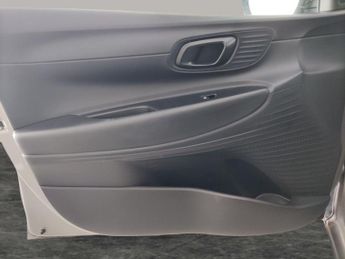 Hyundai i20 1.0 T-GDi MHEV SE Connect DCT (100 ps) - CRUISE - DRIVING MODES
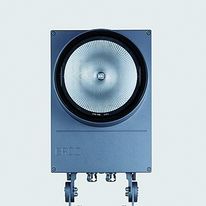 Projecteurs orientables de forte puissance | Powercast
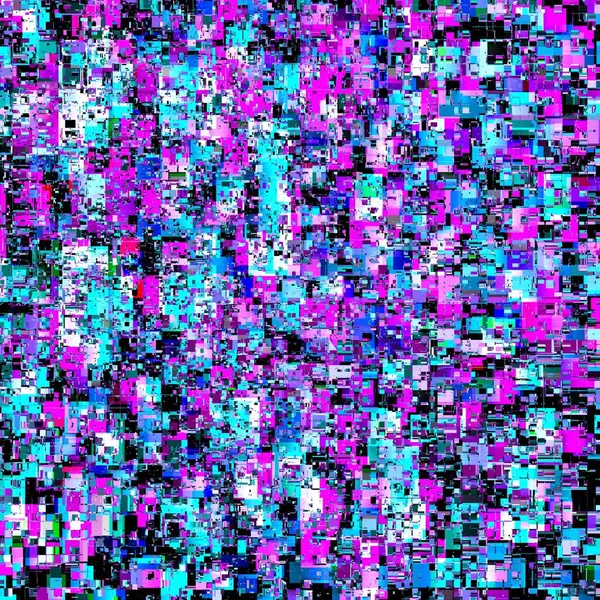 Soyut grunge renkli sanat arkaplanı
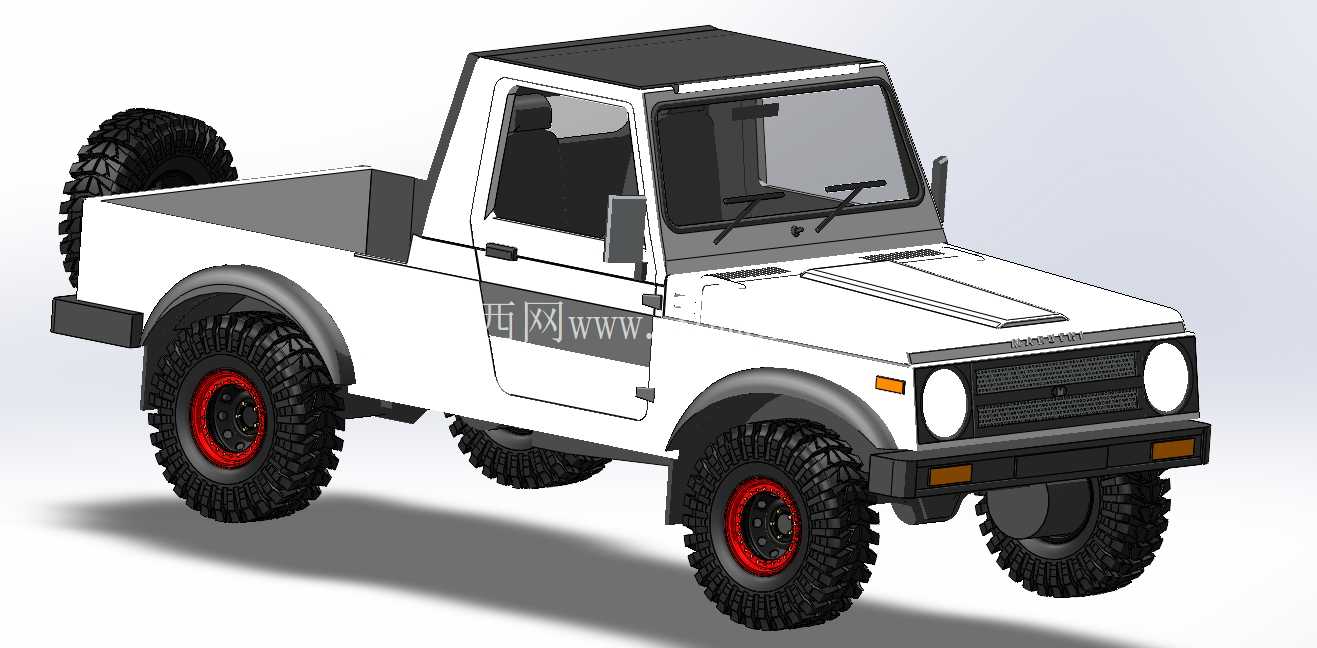 ��³����ľ������ 4X4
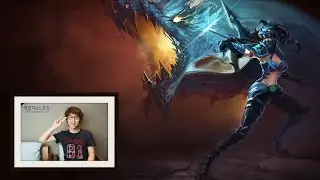 SG White Imp Pentakill against Dark Passage + Analysis (First in the Worlds)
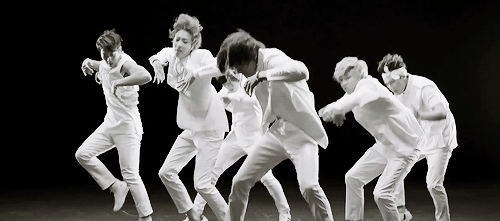  U-Kiss' She's Mine    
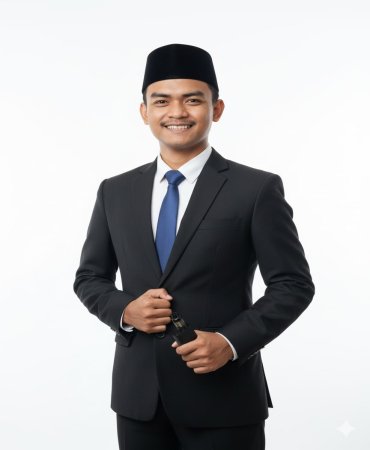ARDI FIKRIYANSYA, S.Pd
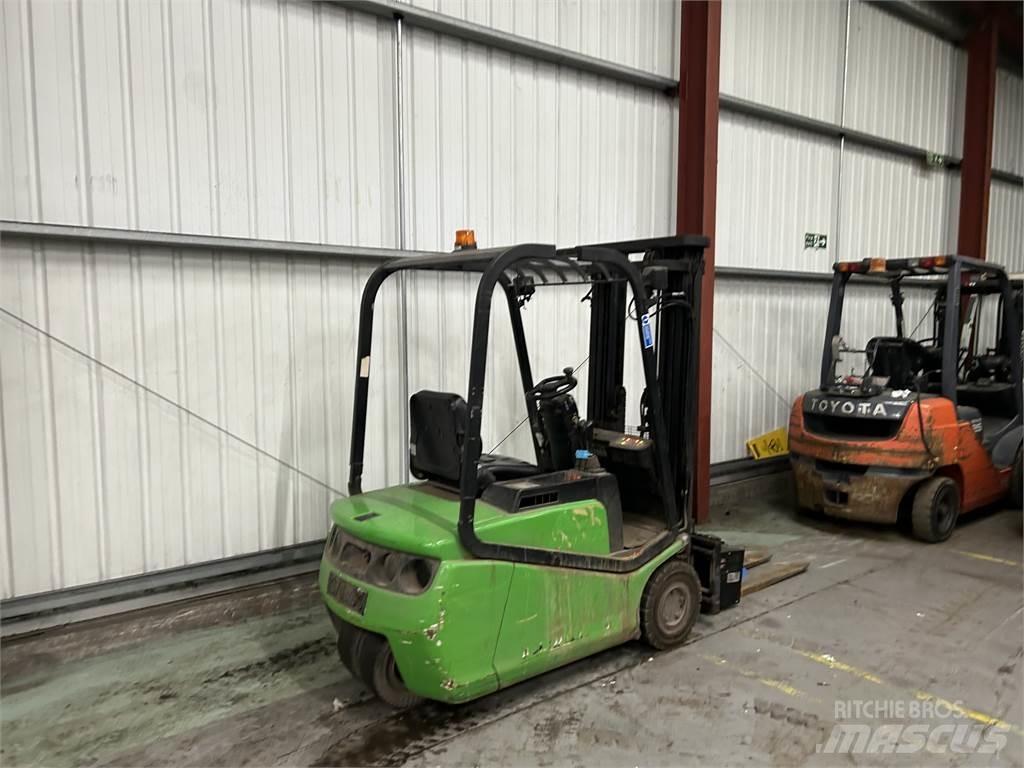 Cesab C3E150 Electric Forklifts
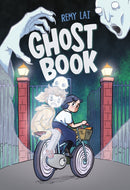 Ghost Book-9781250810434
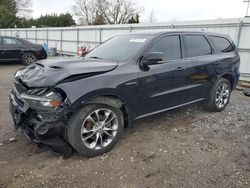 Salvage cars for sale at Finksburg, MD auction: 2020 Dodge Durango R/T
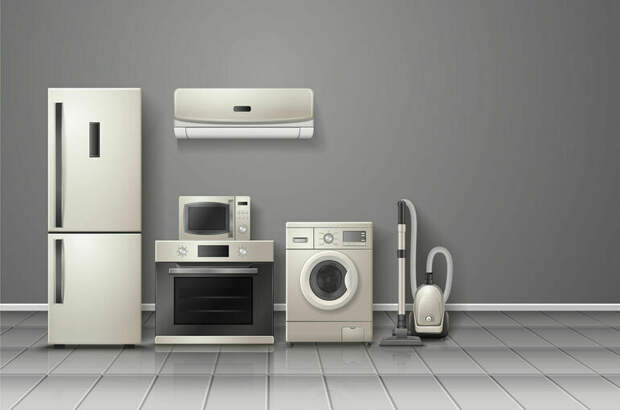 Эксперты рассказали, когда подорожает бытовая техника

◆ **WHAT THE TASK REQUIRES**
The entries should be reproduced word for word, pictures omitted.

◆ **WRITTEN SOLUTION**
 Hyundai i20 1.0 T-GDi MHEV SE Connect DCT (100 ps) - CRUISE - DRIVING MODES
 Projecteurs orientables de forte puissance | Powercast
 Soyut grunge renkli sanat arkaplanı
 ��³����ľ������ 4X4
 SG White Imp Pentakill against Dark Passage + Analysis (First in the Worlds)
  U-Kiss' She's Mine    
ARDI FIKRIYANSYA, S.Pd
 Cesab C3E150 Electric Forklifts
 Ghost Book-9781250810434
 Salvage cars for sale at Finksburg, MD auction: 2020 Dodge Durango R/T
 Эксперты рассказали, когда подорожает бытовая техника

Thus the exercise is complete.